* ASSIGNMENT
Entries in the following listing are to be copied exactly as they stand.

PROVIDED MATERIAL: Begin

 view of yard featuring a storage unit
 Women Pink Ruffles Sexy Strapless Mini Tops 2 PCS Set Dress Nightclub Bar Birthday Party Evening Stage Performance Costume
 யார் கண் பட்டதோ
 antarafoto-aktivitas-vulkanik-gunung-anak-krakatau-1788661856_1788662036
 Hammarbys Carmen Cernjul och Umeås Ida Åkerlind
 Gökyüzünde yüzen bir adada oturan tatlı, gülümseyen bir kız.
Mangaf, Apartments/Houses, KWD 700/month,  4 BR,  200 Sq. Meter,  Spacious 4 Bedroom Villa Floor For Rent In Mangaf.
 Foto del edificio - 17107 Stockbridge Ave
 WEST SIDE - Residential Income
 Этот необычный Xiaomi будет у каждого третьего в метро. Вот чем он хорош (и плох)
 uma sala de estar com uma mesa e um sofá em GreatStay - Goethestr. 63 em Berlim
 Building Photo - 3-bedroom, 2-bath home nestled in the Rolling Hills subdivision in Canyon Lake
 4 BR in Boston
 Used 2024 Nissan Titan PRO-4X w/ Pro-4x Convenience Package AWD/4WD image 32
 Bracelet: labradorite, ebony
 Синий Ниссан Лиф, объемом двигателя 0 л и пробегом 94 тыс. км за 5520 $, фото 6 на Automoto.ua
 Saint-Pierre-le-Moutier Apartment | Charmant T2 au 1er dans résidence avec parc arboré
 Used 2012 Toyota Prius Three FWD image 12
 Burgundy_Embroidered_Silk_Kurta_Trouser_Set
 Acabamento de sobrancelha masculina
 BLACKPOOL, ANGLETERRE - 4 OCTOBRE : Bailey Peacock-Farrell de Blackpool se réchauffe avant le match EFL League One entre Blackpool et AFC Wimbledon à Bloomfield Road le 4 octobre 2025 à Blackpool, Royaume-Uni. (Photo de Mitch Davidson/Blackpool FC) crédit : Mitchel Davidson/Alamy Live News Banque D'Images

PROVIDED MATERIAL: End

* TASK RESULT
 view of yard featuring a storage unit
 Women Pink Ruffles Sexy Strapless Mini Tops 2 PCS Set Dress Nightclub Bar Birthday Party Evening Stage Performance Costume
 யார் கண் பட்டதோ
 antarafoto-aktivitas-vulkanik-gunung-anak-krakatau-1788661856_1788662036
 Hammarbys Carmen Cernjul och Umeås Ida Åkerlind
 Gökyüzünde yüzen bir adada oturan tatlı, gülümseyen bir kız.
Mangaf, Apartments/Houses, KWD 700/month,  4 BR,  200 Sq. Meter,  Spacious 4 Bedroom Villa Floor For Rent In Mangaf.
 Foto del edificio - 17107 Stockbridge Ave
 WEST SIDE - Residential Income
 Этот необычный Xiaomi будет у каждого третьего в метро. Вот чем он хорош (и плох)
 uma sala de estar com uma mesa e um sofá em GreatStay - Goethestr. 63 em Berlim
 Building Photo - 3-bedroom, 2-bath home nestled in the Rolling Hills subdivision in Canyon Lake
 4 BR in Boston
 Used 2024 Nissan Titan PRO-4X w/ Pro-4x Convenience Package AWD/4WD image 32
 Bracelet: labradorite, ebony
 Синий Ниссан Лиф, объемом двигателя 0 л и пробегом 94 тыс. км за 5520 $, фото 6 на Automoto.ua
 Saint-Pierre-le-Moutier Apartment | Charmant T2 au 1er dans résidence avec parc arboré
 Used 2012 Toyota Prius Three FWD image 12
 Burgundy_Embroidered_Silk_Kurta_Trouser_Set
 Acabamento de sobrancelha masculina
 BLACKPOOL, ANGLETERRE - 4 OCTOBRE : Bailey Peacock-Farrell de Blackpool se réchauffe avant le match EFL League One entre Blackpool et AFC Wimbledon à Bloomfield Road le 4 octobre 2025 à Blackpool, Royaume-Uni. (Photo de Mitch Davidson/Blackpool FC) crédit : Mitchel Davidson/Alamy Live News Banque D'Images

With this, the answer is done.